Zeitfenster Februar: Wenn der Postbote zum Detektiv wird
Neujahrswünsche aus China für Lindenwirtin Aennchen Schumacher
Eine Postkarte vom 31.12.1901 mit einer seltsamen und wohl auch der kürzesten Adressangabe, lediglich „n - Deutschland“, erreichte 1902 tatsächlich die richtige Empfängerin. Es handelte sich um Neujahrswünsche aus Kiautschou in China an die berühmte Lindenwirtin Aennchen Schumacher in Bad Godesberg. Der Kleinbuchstabe „n“ steht für „n-chen“, also „Aennchen“. Viele Briefe und Karten an die Lindenwirtin waren nach heutigem Standard unzureichend adressiert, oft reichte für die damaligen Postbeamten aber ein „Aennchen Deutschland“ oder „Studentenmutter am Rhein“ aus, um die Post richtig zu zustellen.

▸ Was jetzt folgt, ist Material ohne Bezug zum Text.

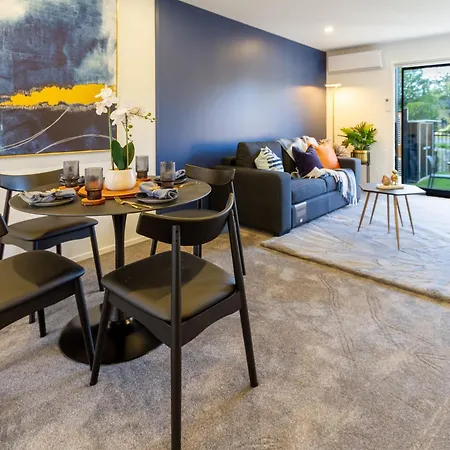 Cozy 2 Bedroom Near City Biking And Trails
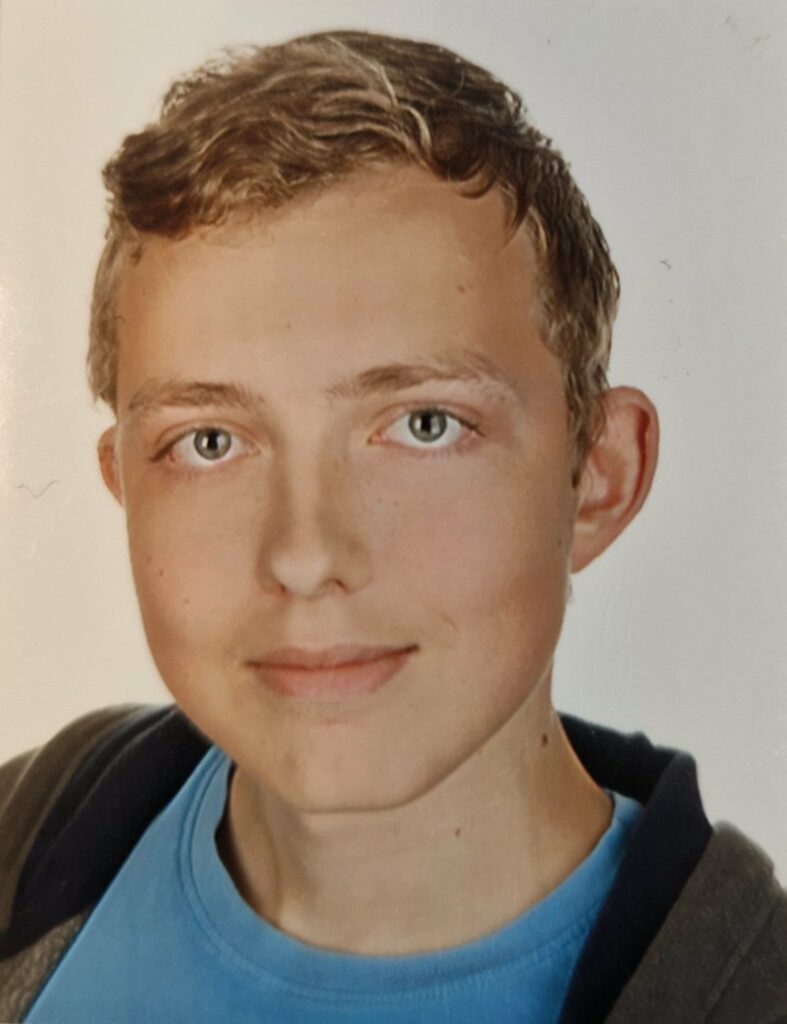 Policjanci z Olsztyna prowadzą poszukiwania 22-letniego Aleksandra , który zaginął 28 listopada. - Zaginął 22-letni Aleksander. Wyszedł z domu na Osiedlu Generałów. AKTUALIZACJA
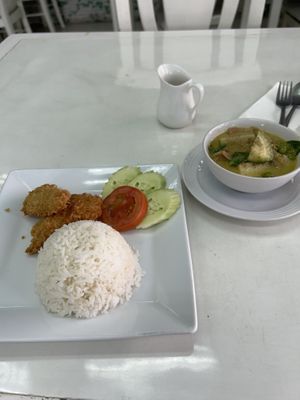 Green curry set meal  at Spa Foods - Ramkhamhaeng 71 in Bangkok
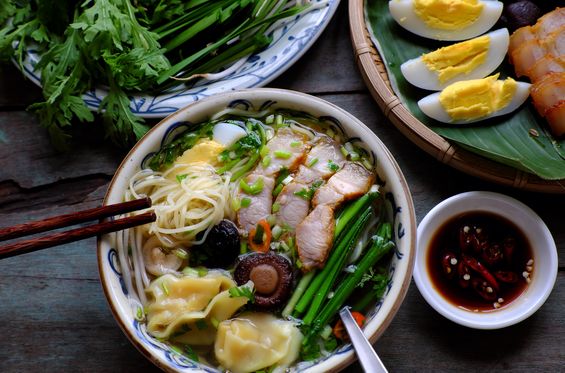 Take a Vietnamese cooking class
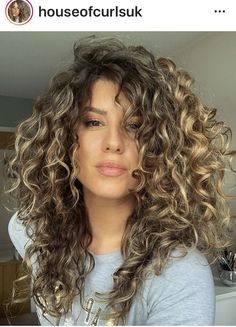 Haircut For Mid Length Curly Hair, Long Curly Hairstyles Middle Part, Long Curly Hair Extensions, Cowboy Copper Hair Curly, Fun Curly Haircut, Fall Curly Hair Color, Medium Length Curly Haircut With Layers, Shoulder Length Curly Hair With Bangs, Curly Hair With Face Framing Layers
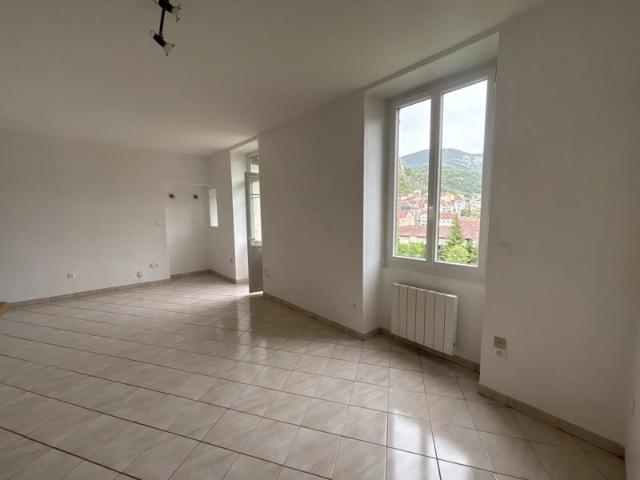 APPARTEMENT T2
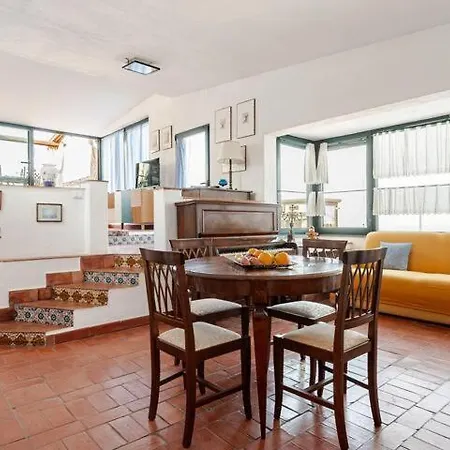 別荘 Dimora Disiu - Jacuzzi & Sea View - 4 Minuti A Piedi Dal Centro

Der Oberleutnant Hauck der kaiserlichen Marine verschickte die Postkarte 1901 bewusst nur mit der kryptischen „n“ Adressierung, um seinen Kameraden die Allwissenheit der Post und die Bekanntheit Aennchen Schumachers zu beweisen. Es hatte sich wohl zur „studentischen Tradition“ entwickelt, Postkarten mit möglichst originellen Variationen ihres Namens in der Anschrift zu verschicken.
Begleitet wurde die Postkarte von einem Brief des Marine-Postbüros in Berlin, datiert auf den 10.02.1902, auf welchem der Zustellungsweg der Postkarte und die Schlussfolgerung der Postbeamten bezüglich der der rätselhaften Adresse niedergeschrieben sind.
Die Postkarte ist Teil der Sammlung Aennchen Schumacher (SN152) und wurde zu Ausstellungszwecken in der ehemaligen Gaststätte auf Pappe aufgeklebt und gerahmt. Die Textseite ist heute somit nicht mehr lesbar, lediglich die Adressseite ist sichtbar. Der Begleitbrief des Marine-Postbüros fehlte leider 2016 bei der Rücknahme durch das Stadtarchiv. Der Inhalt der beiden Schreiben ist jedoch durch die frühere archivische Verzeichnung der beiden Objekte überliefert.
Am 26. Februar dieses Jahres ist der 90. Todestag von Aennchen Schumacher, sie lebte von 1860 bis 1935 in Bad Godesberg.